Raytheon Technologies on Thursday, May 7, stated the rationale for its creation remained intact even as the coronavirus-driven crisis that has engulfed the global airline industry drove cost-cutting efforts and threatened future sales, reported Wall Street Journal.
The maker of Pratt & Whitney aircraft engines and Patriot missile-defense systems reported a first-quarter loss in its debut results following its creation last month, with buoyant military sales countering the performance of some commercial-aerospace businesses.
The combination of United Technologies and Raytheon had been driven by plans to use cash from the once-booming commercial-aerospace business to underpin more competitive offerings for defense customers.
“Looking ahead, the merits and strategic rationale of the merger are clear,” said Chief Executive Greg Hayes in a statement, flagging US$8.5 billion in liquidity and continuing efforts to cut costs.
Rivals, including General Electric and France’s Safran, have cut production of aircraft engines and parts and are shedding thousands of jobs in response to the crisis that has hit the global airline industry.

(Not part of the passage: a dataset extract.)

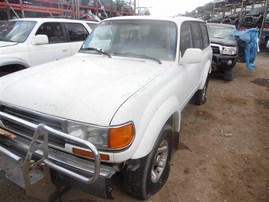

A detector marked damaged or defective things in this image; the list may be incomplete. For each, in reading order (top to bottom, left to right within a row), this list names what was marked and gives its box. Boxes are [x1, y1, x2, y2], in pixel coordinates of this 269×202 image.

damaged hood [0, 52, 168, 124]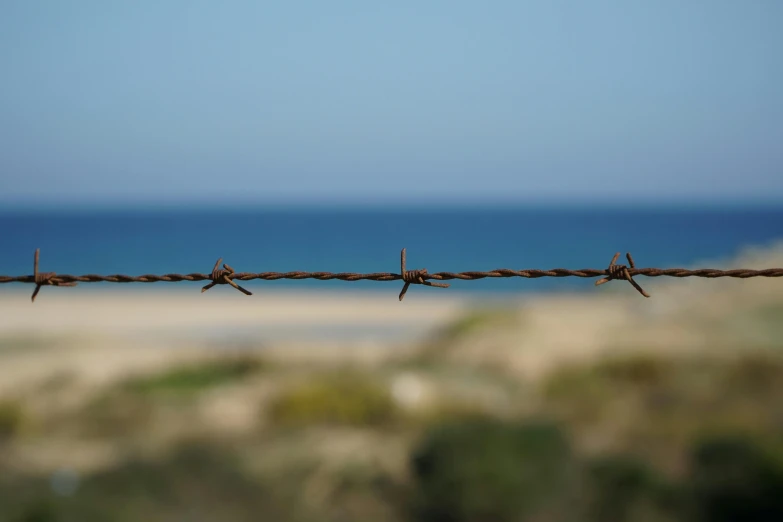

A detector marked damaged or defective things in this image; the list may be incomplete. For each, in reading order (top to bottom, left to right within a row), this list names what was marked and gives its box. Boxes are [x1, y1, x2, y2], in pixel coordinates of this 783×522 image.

Airbus and Boeing have both cut aircraft production as airlines were left unwilling or unable to take delivery of new jets, parking thousands of planes as virus-driven travel restrictions and recession-like economic conditions withered passenger demand. The International Air Transport Association, a trade group, expects global passenger traffic to halve this year.
Raytheon Technologies employed around 195,000 staff before recent disposals, and didn’t detail the workforce impact of its cost-cutting efforts.